[Problem]: Produce an exact copy of the listing.

(Data shown Opens)

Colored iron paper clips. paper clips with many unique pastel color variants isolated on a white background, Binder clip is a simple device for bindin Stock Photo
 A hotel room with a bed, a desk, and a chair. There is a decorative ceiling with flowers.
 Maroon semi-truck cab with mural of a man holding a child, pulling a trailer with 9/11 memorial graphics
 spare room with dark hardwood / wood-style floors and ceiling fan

(Data shown Closes)

[Exercise result]:
Colored iron paper clips. paper clips with many unique pastel color variants isolated on a white background, Binder clip is a simple device for bindin Stock Photo
 A hotel room with a bed, a desk, and a chair. There is a decorative ceiling with flowers.
 Maroon semi-truck cab with mural of a man holding a child, pulling a trailer with 9/11 memorial graphics
 spare room with dark hardwood / wood-style floors and ceiling fan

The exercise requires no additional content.